Biden Out (Beau That Is), Bayh at Risk, Full Steam Ahead on Health Care?, Your Guide to the State of the Union

Beau Isn't Running
Beau Biden has decided not to seek the Senate seat that was vacated by his father assuming the Vice Presidency this past January. This is a major blow to Democrats in the state, who had been counting on the popular Biden brand name to carry the race against very popular At Large Rep. Mike Castle (R). With Biden out of the race and no star candidates in the mix, I'll move this race from a Toss-Up to a Lean GOP Pick-Up, pending polling information.

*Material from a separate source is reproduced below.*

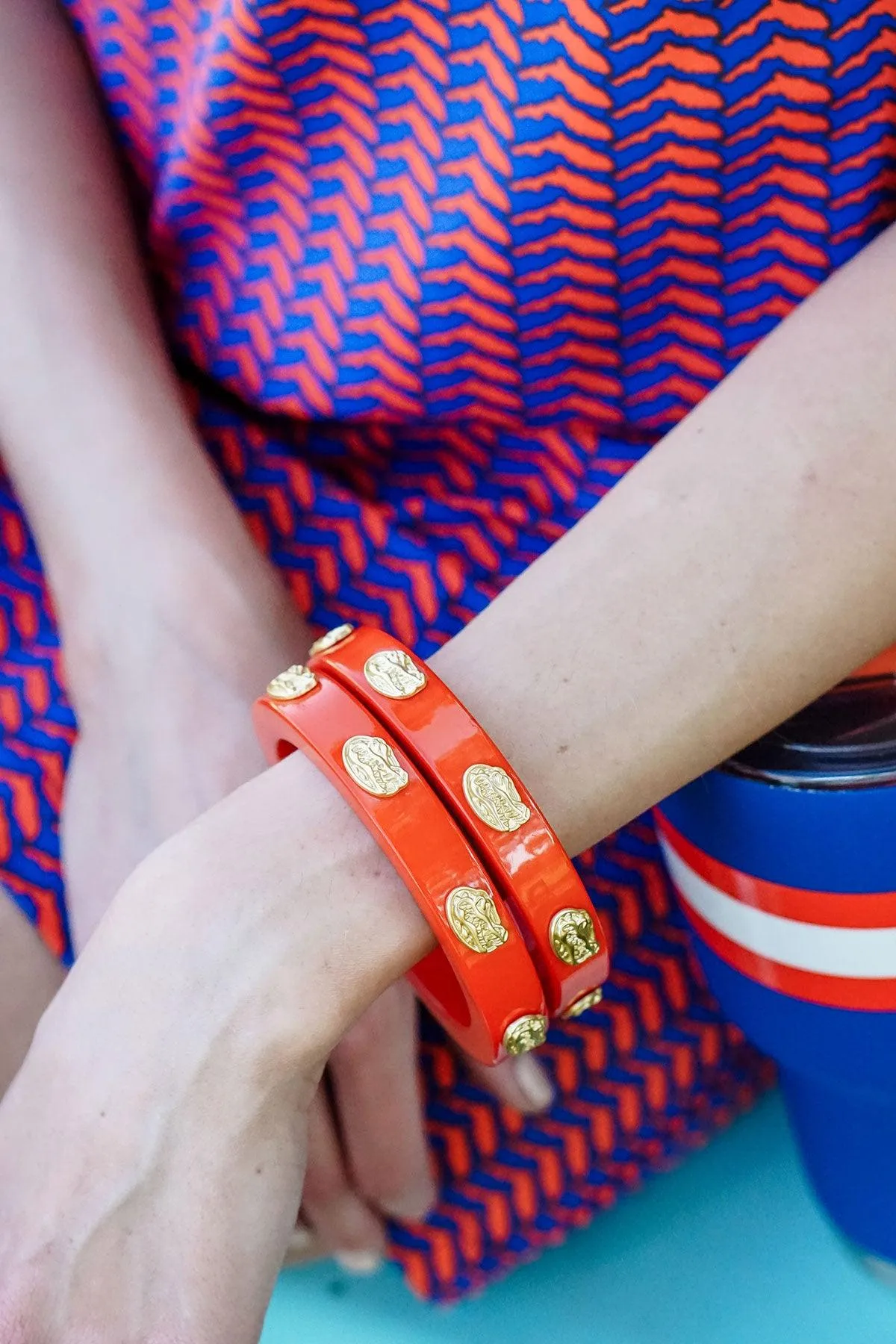 Florida Gators Resin Logo Bangle - FINAL SALE sold by Canvas Style product image thumbnail 2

I guess the move wasn't terribly shocking, as this is shaping up to be a rough year for Democrats in November and Biden would've been fighting a pick 'em race against a popular ex-Governor and rare true moderate. Why should Biden risk his popularity now, when he could wait for an easier shot, in a better year, in heavily Democratic Delaware.

Bayh No Lock
Popular, well, at least, I thought he was popular, moderate Sen. Evan Bayh (D) will not have a walk either in his race either. A just-released Rasmussen poll shows him down 3% against potential opponent Rep. Mark Pence and up only 3% against less well known John Hostettler.

It is not clear yet if Pence will run and this is only one poll. I will move it from a Likely DEM Hold to a Lean DEM Hold pending information on Pence's possibly candidacy and additional polling. This is another one to add to the mix of races that would've seemed like easy defenses a year ago but are now competitive. The same poll found Obama's Approve minus Disapprove in Indiana to be at -13%, in a state that he won by a slim margin in 2008.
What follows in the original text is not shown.